The good news? Things can change quickly in college football. We learned that lesson last year. Heart-breaking losses to UCLA and Auburn were all but forgotten when we laid the wood to Georgia on October 10th. The next game we go out and almost beat Alabama in Tuscaloosa and looked like a completely different team the rest of the way. Could something like that happen this year? Certainly. But after being roasted by the ducks I don't feel real good about the chances.
We knew the season could be like this. With time I believe Dooley and Wilcox will have us competing for Eastern Division crowns again. Bite the bullet this year though. It may be worse than we thought.
For those of you who followed last year's Checkerboard Chatter you have come to know this as a relatively positive blog. Many sports blogs are a destination for complaining fans. To date, this has not been that type of piece. Despite the doom and gloom written above I am basically an optimistic Vols fan. Clearly, I am straying away from the usual positive themes this week.
I think its time for Mike Hamilton to go.
Before I tell you why, allow me to say that any A.D. at any major university has a tremendously tough job. For many colleges and universities the athletic programs are the institution's most visible aspect. Sports is a recruiting tool for the rest of the student population. Each year the UT Athletic Department not only balances its own budget, they also contribute to the University's general budget. The whole, "my tax dollars pay that coaches salary" mindset is silly and only used by the uninformed, at least as it pertains to UT athletics.
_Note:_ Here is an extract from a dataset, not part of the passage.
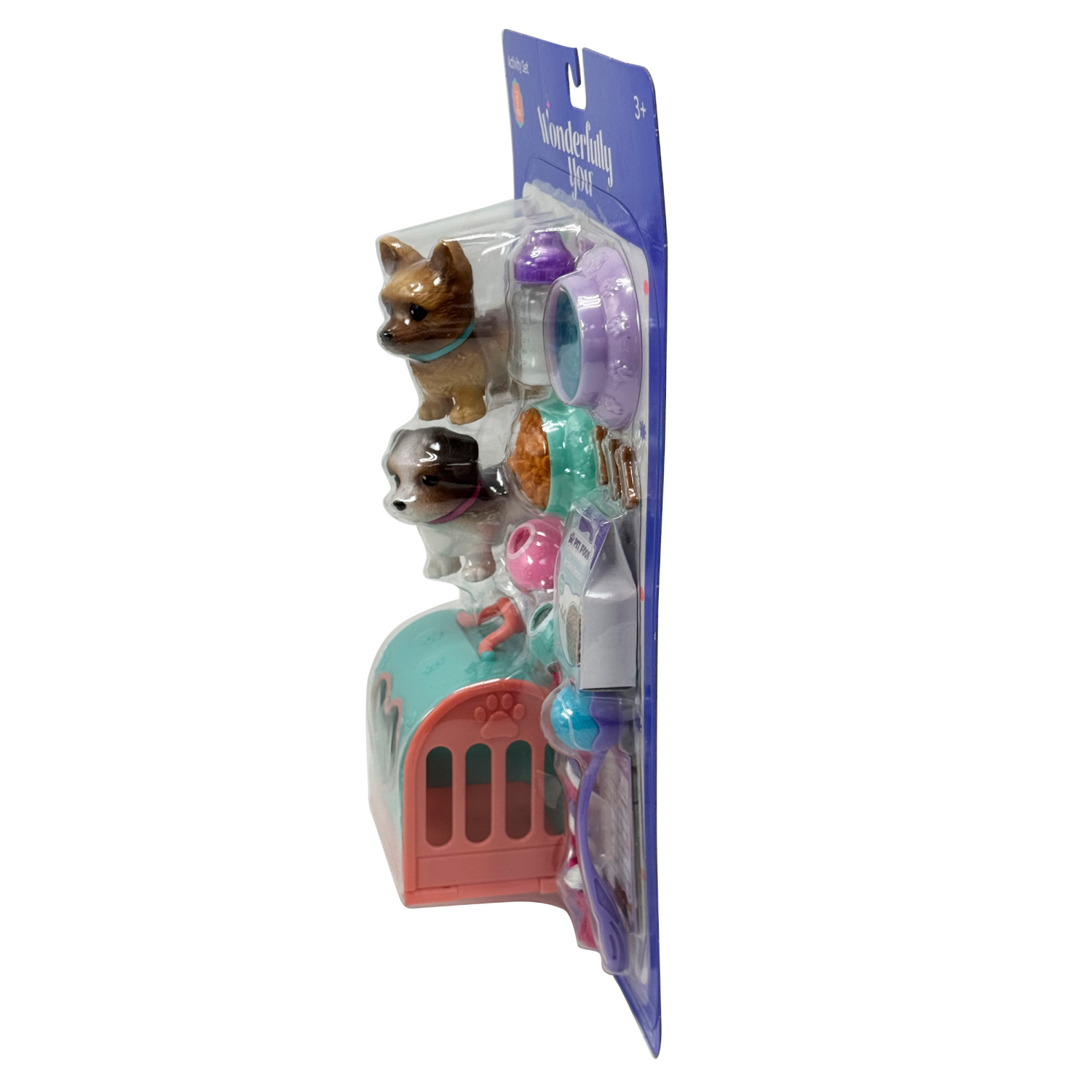 slide 5 of 8, Wonderfully You Activity Set Adventure Assortment, 1 ct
Mike Hamilton makes in the neighborhood of 400,000 dollars a year. Its certainly no small amount but its probably not enough for the position. Consider this, the athletic operating budget for '09-'10 was over 100 million bucks. The head coaches of the three major sports (football, men's basketball, women's basketball) make 3 to 6 times more than Hamilton. Imagine that in real world terms. How messed up would it be if the president of a company had employees reporting to them that made 3 times more than said president? Mike Hamilton is making less than half of 1 percent of the operating budget that he creates and outperforms each year. The business of college athletics is weird. I say all that to say I recognize just how difficult the task before Mike Hamilton has become.
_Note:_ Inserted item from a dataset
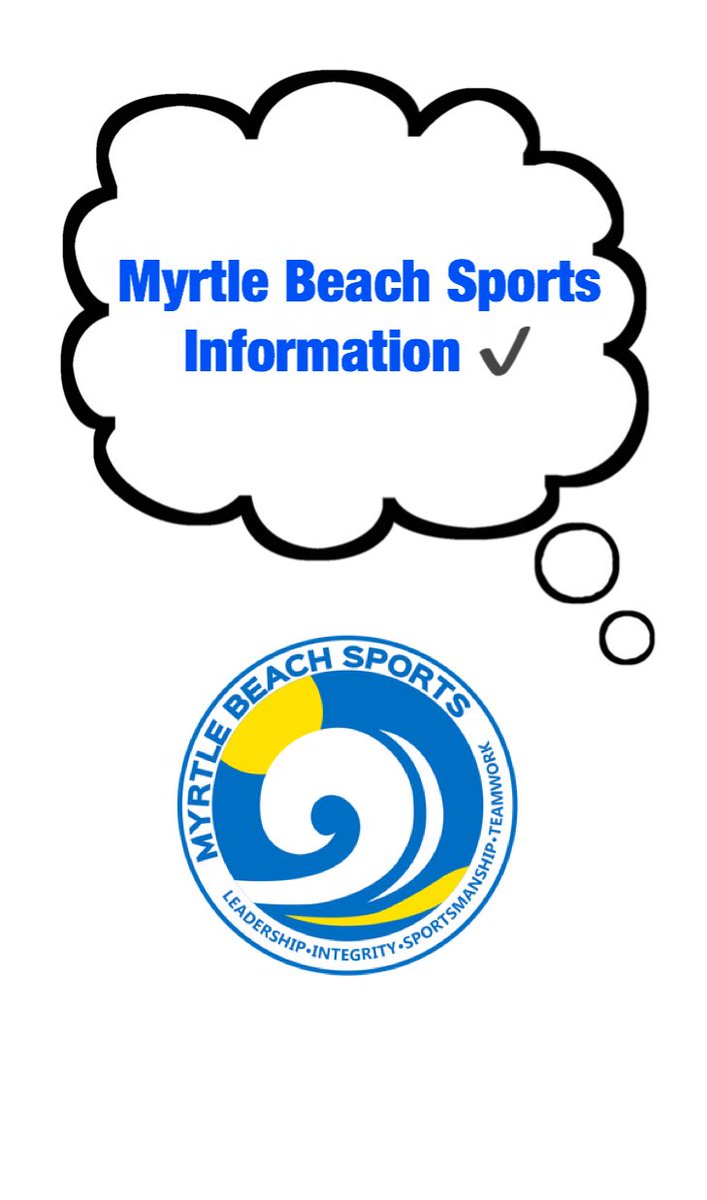 Myrtle Beach Sports tweet media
Why then should he be fired? Mike Hamilton has made 5 signature personnel moves since coming on board. He hired Bruce Pearl, he hired Todd Raleigh, he fired Phil Fulmer, he hired Lane Kiffin, and he hired Derek Dooley.
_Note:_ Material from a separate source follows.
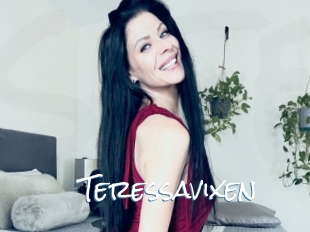 Teressavixen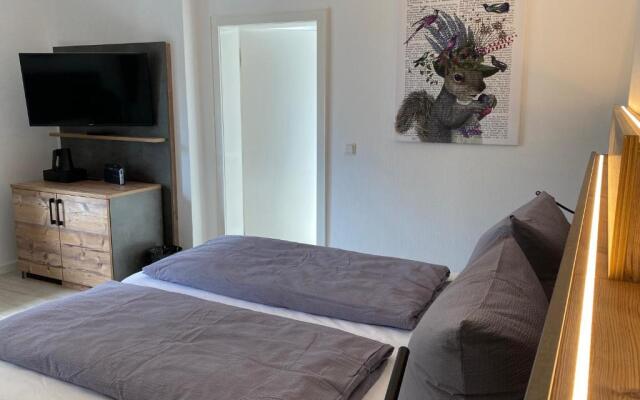 Hostel Harzer Hof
Bruce Pearl was the right hire. It has bought Hamilton a good deal of job security and put him on solid ground in the early days of his directorship. However, the ground became substantially more shaky after Friday's announcement that Pearl and his staff lied to the NCAA regarding illegal contact made with recruits from unreported cell phones. I don't think Pearl should be fired and I believe the punishment fit the crime. However, bottom line is the coach Hamilton hired has us in hot water with the NCAA. That is a place no University Board wants to find itself.
Todd Raleigh probably deserves more time before a verdict can be reached. He has not had good results to this point. The team has not made the SEC Tournament during his tenure.
I don't believe Fulmer should have been fired. We could debate this all day (and I have with many people). Hindsight is 20/20 so I can sit here and say that after everything that went down with Kiffin we should have stuck with Fulmer. Of course, Hamilton had no way of knowing what would happen but when you are running a company or an athletic department with a 100 million dollar budget benefit of the doubt is rarely given. Again, the bottom line is Hamilton humiliated a Tennessee legend and replaced him with a coach who did far more harm than good in his 13 months on campus. I think Derek Dooley was the right hire but, as evidenced Saturday night, the program has fallen so far that Dooley may not win enough anytime soon to be around when his hard work pays off.
This all comes together to make the case against Hamilton. The football program is in far worse shape than when he started and it is directly attributable to decisions Hamilton made. The basketball program is on the NCAA's naughty list. The baseball program is a conference cellar dweller. If the ongoing NCAA investigation results in sanctions against the football program, which is entirely possible, then I believe the university has no choice but to start a search for a new A.D.